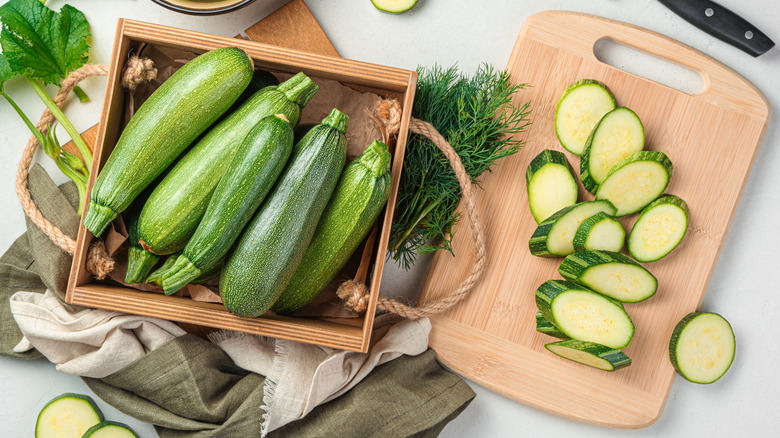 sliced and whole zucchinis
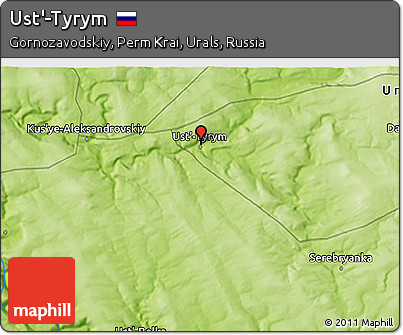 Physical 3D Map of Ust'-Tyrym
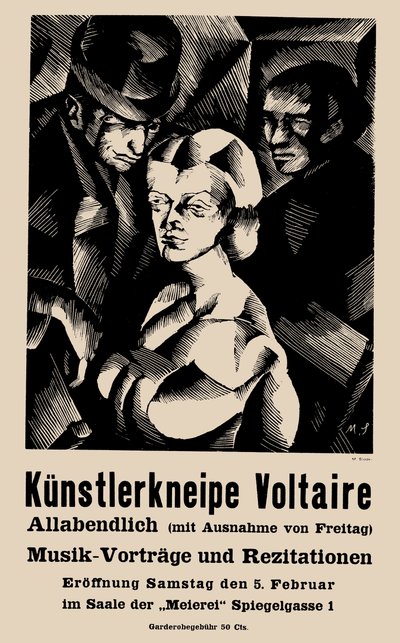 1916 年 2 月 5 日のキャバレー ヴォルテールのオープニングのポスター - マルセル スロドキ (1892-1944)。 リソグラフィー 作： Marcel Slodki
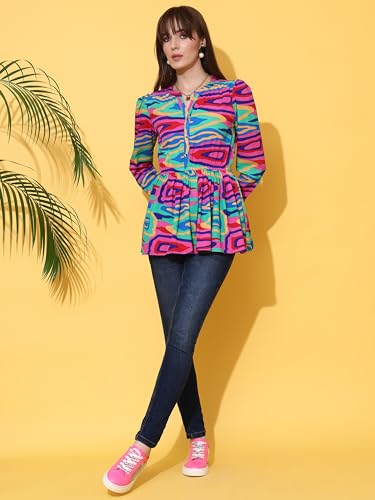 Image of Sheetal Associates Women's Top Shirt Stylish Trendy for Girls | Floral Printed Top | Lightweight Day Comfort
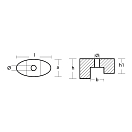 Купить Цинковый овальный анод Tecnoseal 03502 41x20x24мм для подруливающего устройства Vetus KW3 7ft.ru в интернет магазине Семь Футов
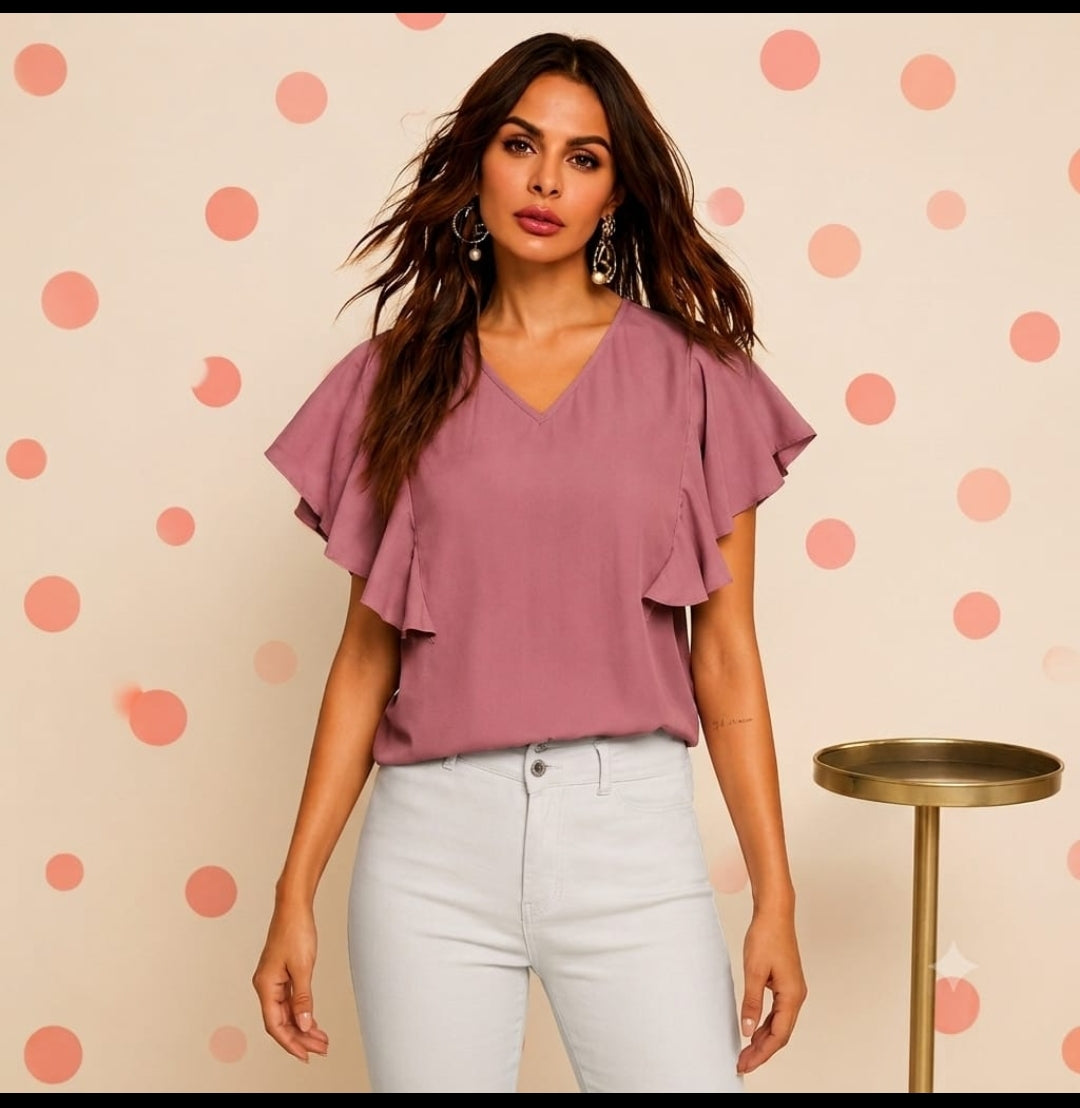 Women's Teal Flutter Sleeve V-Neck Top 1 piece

***

WHAT TO DO →
Would you give again, exactly as written, the lines from the one containing "Купить Цинковый овальный" through the end of the records, with no pictures and no other lines?

SOLUTION BELOW →
 Купить Цинковый овальный анод Tecnoseal 03502 41x20x24мм для подруливающего устройства Vetus KW3 7ft.ru в интернет магазине Семь Футов
 Women's Teal Flutter Sleeve V-Neck Top 1 piece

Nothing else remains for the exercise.